*Problem to solve*
From the line containing "Microconnect PI02015 vidinis" down to the line containing "Скрин, Facebook ВСУ" in the records below, reproduce every line exactly, ends included, and omit all others.

*Dataset records*
- Opening Delimiter -
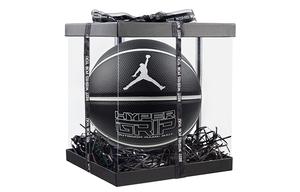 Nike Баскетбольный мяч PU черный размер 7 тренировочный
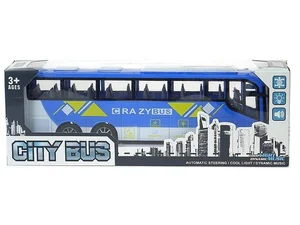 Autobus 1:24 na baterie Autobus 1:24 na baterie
- Closing Delimiter -
- Opening Delimiter -
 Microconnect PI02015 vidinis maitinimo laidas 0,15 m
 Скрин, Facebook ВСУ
- Closing Delimiter -
*Your solution*
 Microconnect PI02015 vidinis maitinimo laidas 0,15 m
 Скрин, Facebook ВСУ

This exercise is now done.